WHAT IS REQUIRED – All the data should be repeated exactly. Any image in it is left out.

STORED DATA –

+ + + + +

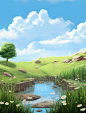 a photo of a beautiful grass land scene, in the style of hyper-realistic water, flower and nature motifs, rough edges, vibrant stage backdrops, ferrania p30, simplistic cartoon, pastoral charm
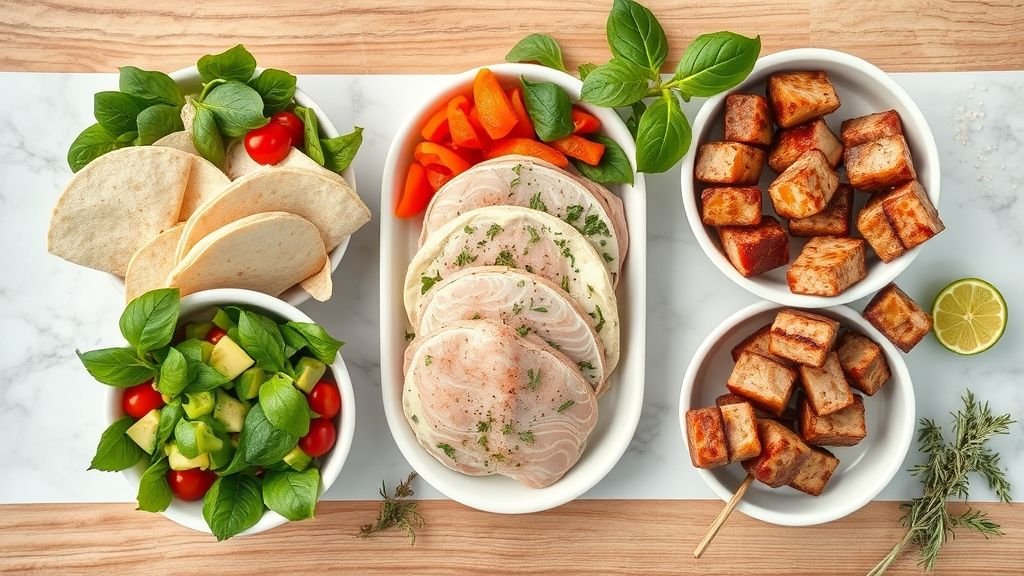 Wholesome Vegan Breakfast Wraps 6 Separated ingredients for Glazed & Charred Herb-Marinated Meat Skewers including meat cubes, olive oil, garlic, herbs, spices, honey glaze, and lime wedges displayed in small bowls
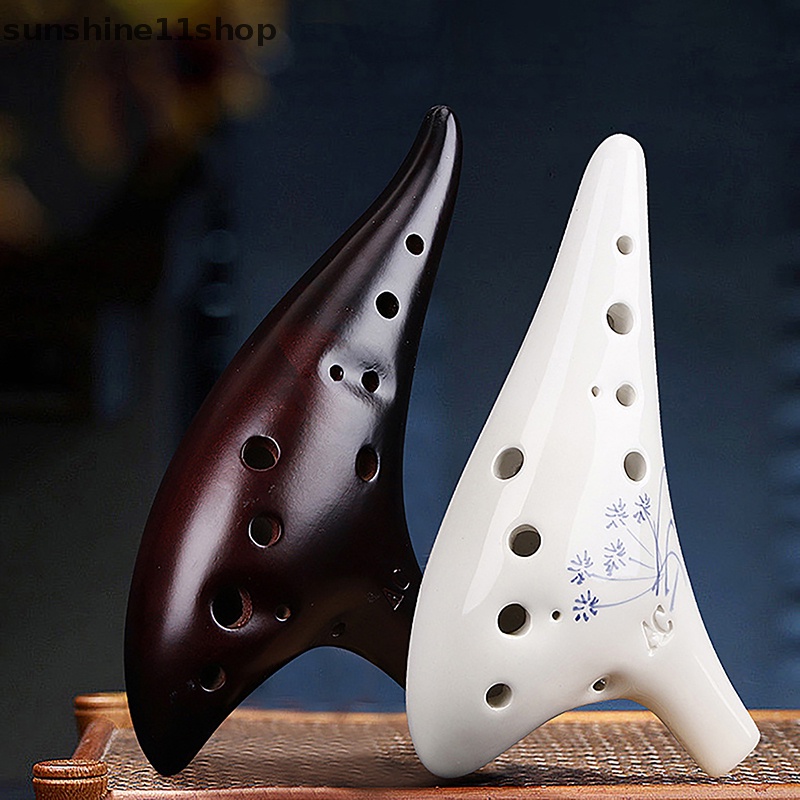 Sho 1Pc Ocarina 12lubang Keramik Alto C Tone Suling Klasik Alat Musik N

+ + + + +

ANSWER AREA –
 a photo of a beautiful grass land scene, in the style of hyper-realistic water, flower and nature motifs, rough edges, vibrant stage backdrops, ferrania p30, simplistic cartoon, pastoral charm
 Wholesome Vegan Breakfast Wraps 6 Separated ingredients for Glazed & Charred Herb-Marinated Meat Skewers including meat cubes, olive oil, garlic, herbs, spices, honey glaze, and lime wedges displayed in small bowls
 Sho 1Pc Ocarina 12lubang Keramik Alto C Tone Suling Klasik Alat Musik N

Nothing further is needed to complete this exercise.